Most students enter USUHS because the military pays for their medical degrees. They serve beyond initial obligations for the training opportunities or the desire to deploy, said Thomas, who once commanded the Army’s Medical Corps.
“These guys [and gals] would tell me, ‘If you deploy me, I’ll stay.’ Because to many of them, that was the ‘it.’ That was the real deal for them. They understood why we existed and it all made sense.”
A higher percentage of USUHS graduates train in specialties deemed combat necessary such as general surgeons, anesthesiologists and emergency medicine, but many also become primary care physicians or family care specialists. By the time year groups of doctors reach O-6 rank — colonels in the Army and Air Force, captains in the Navy — more than a third are USUHS graduates, Thomas said.

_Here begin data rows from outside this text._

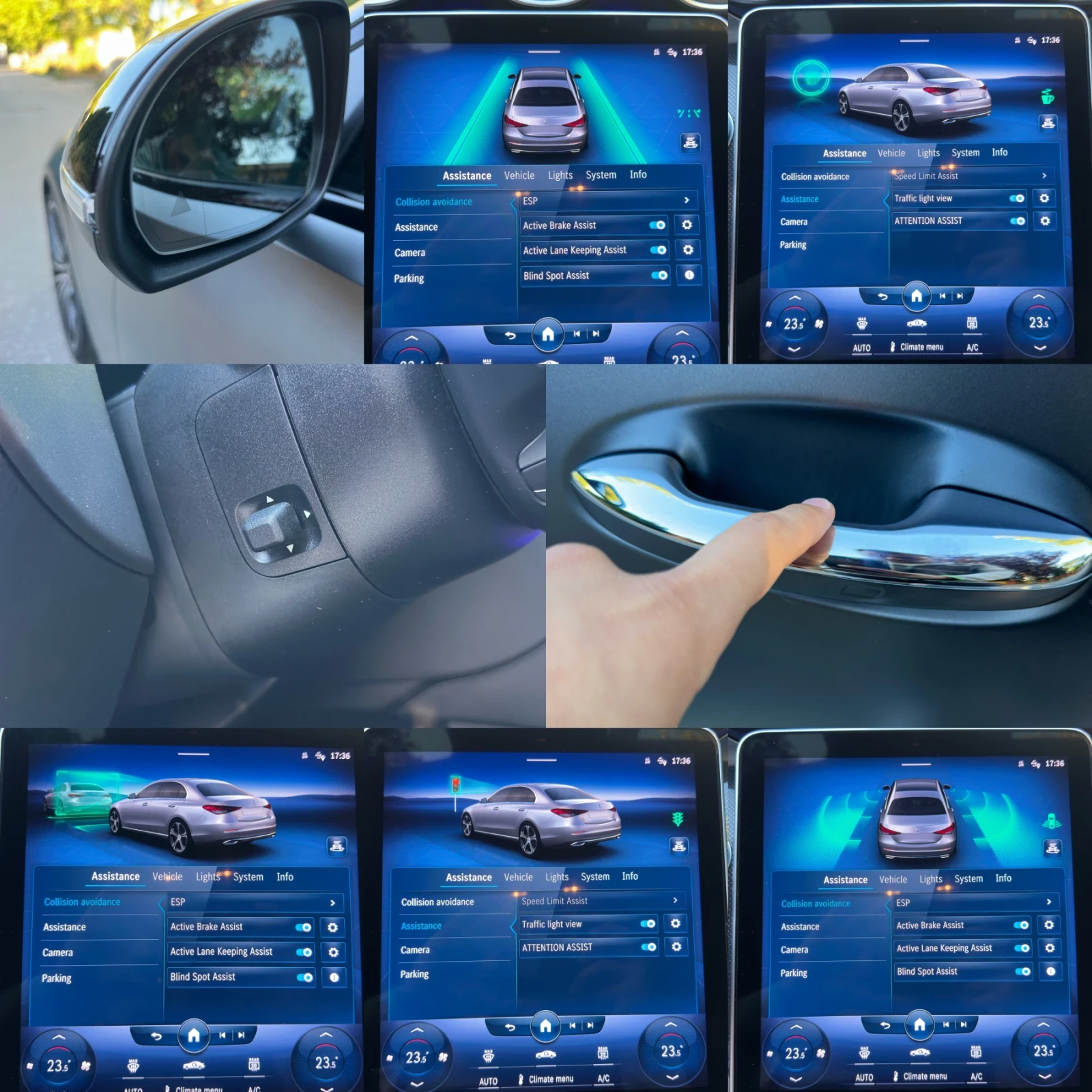 Mercedes-Benz C 300 d* AMG* DIGITAL LIGHT* KEYLESS* ������ ��������� | Mobile.bg � ����������� 15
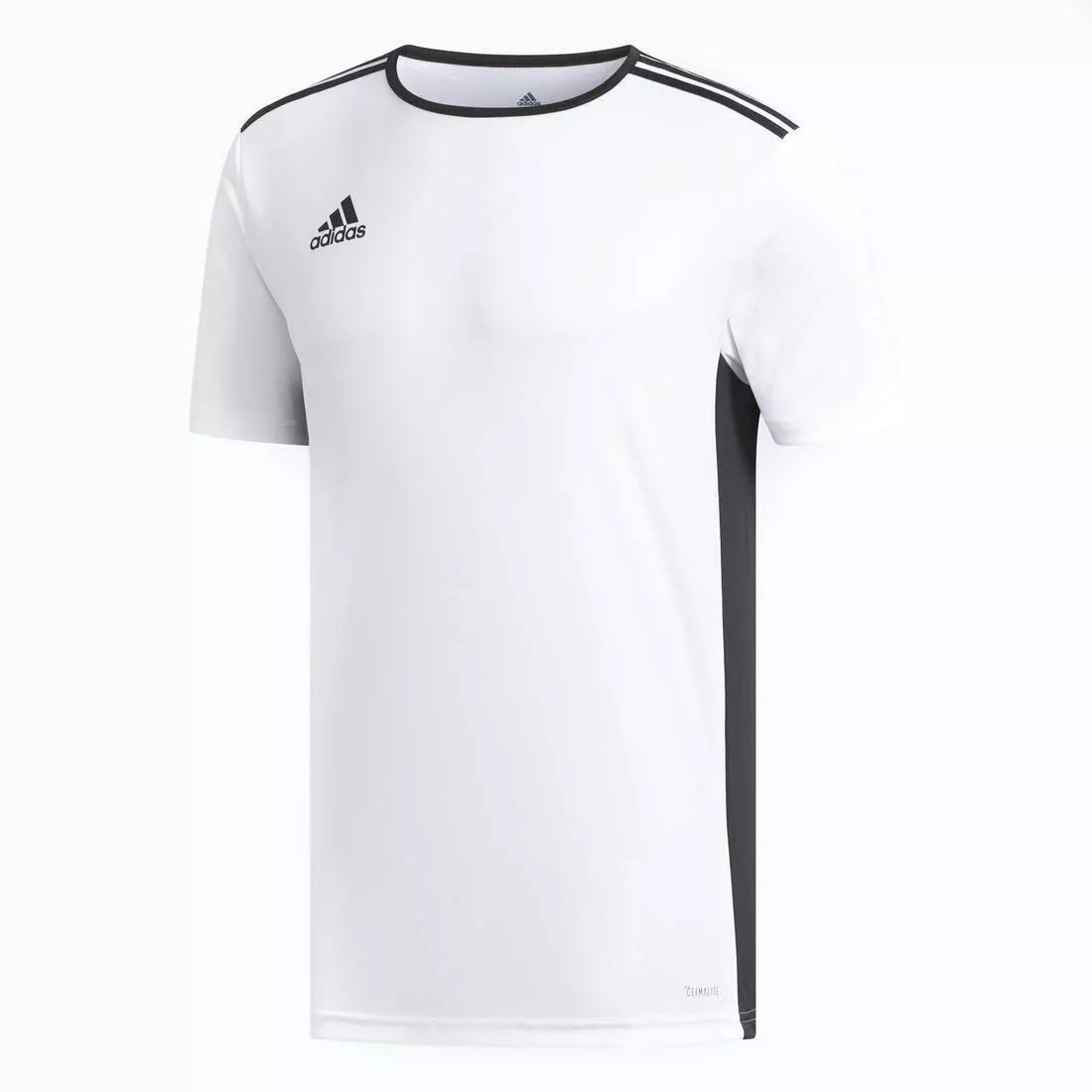 Adult Football Shirt Entrada, White, No Color, large image number 0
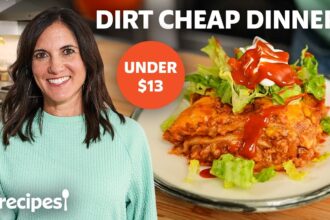 3 Cheap and Easy Family Dinners for Less Than $13 | Allrecipes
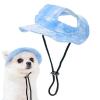 Esncddym Dog & Cat Sun Hat | Bucket Hat with Ear Holes view 1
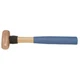 American Hammer Am15bzwg Sledge Hammer, 1-1/2 Lb., 12-1/2 In, Wood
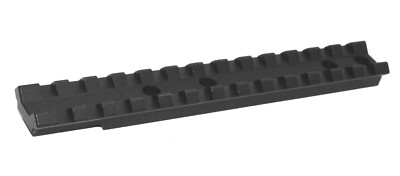 Remington / Benelli / Stoeger M3000-M3500 Picatinny Rail Scope Mount aluminum.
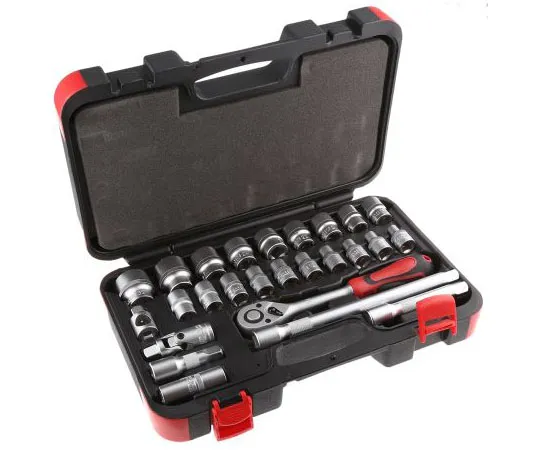 63-8022-94　RS, 26 Piece Socket Set 1/2 in Square Drive　817-9230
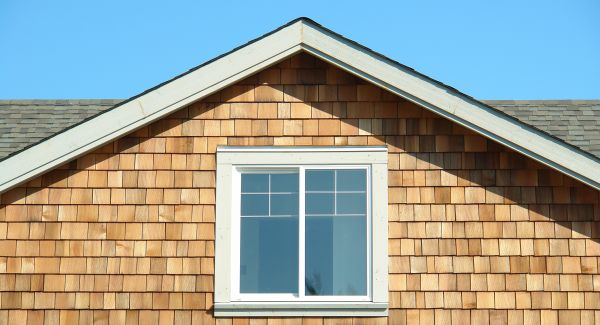 Cedar Shake Siding Repair in Eagle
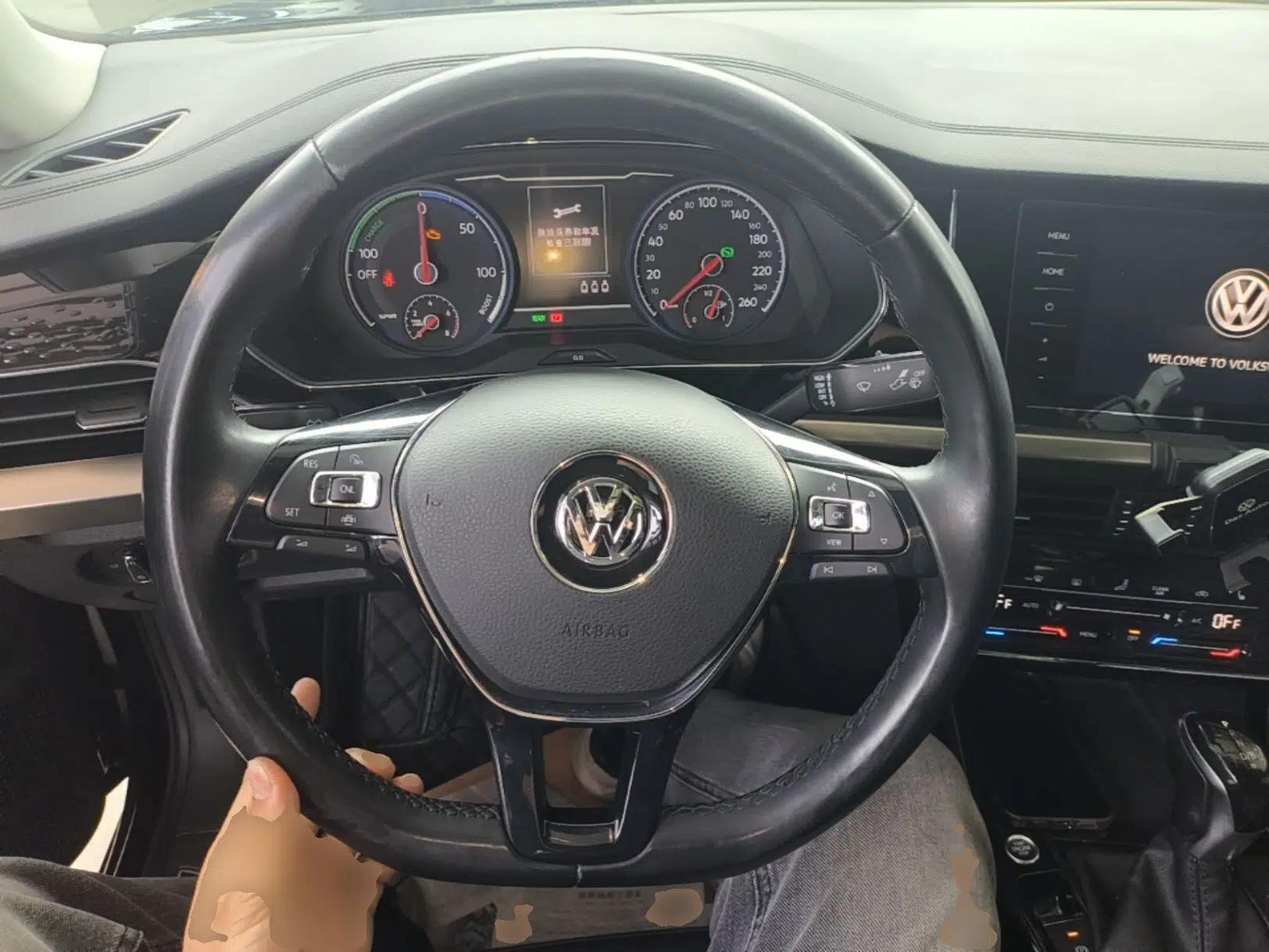 Volkswagen Passat New Energy 2020 430 PHEV Hybrid Elite Edition China VI Standard — миниатюра 14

Because Congress and the Defense Department prize USUHS graduates, the medical school is set to expand over the next several years to produce at least 30 more doctors annually. A new building of almost 500,000 square feet will be constructed, starting in 2021 to add classrooms, research labs and offices.
Thomas became university president in 2016, bringing deep experience in combat medicine and senior health management. After earning a doctorate in dental surgery, he went to medical school to become a surgeon specializing in otolaryngology/head and neck surgery. He served five combat tours including as division surgeon for the 101st Airborne in Afghanistan and Iraq, and surgeon general of U.S. forces in Afghanistan. His last military job was first director of health care operations and chief medical officer at the Defense Health Agency.
Thomas noted that the military has been the source of some of “the greatest advances in medicine, whether it’s trauma care, infectious disease care, traumatic brain injury care, psychological health. … Combat is the greatest catalyst.”
That’s always been true and was so again through 18 years of continuous combat operations since 9/11, he said.
“We’ve seen a transformation of medicine, military medicine certainly. And the value of military medicine is those advances translate into civilian medicine.”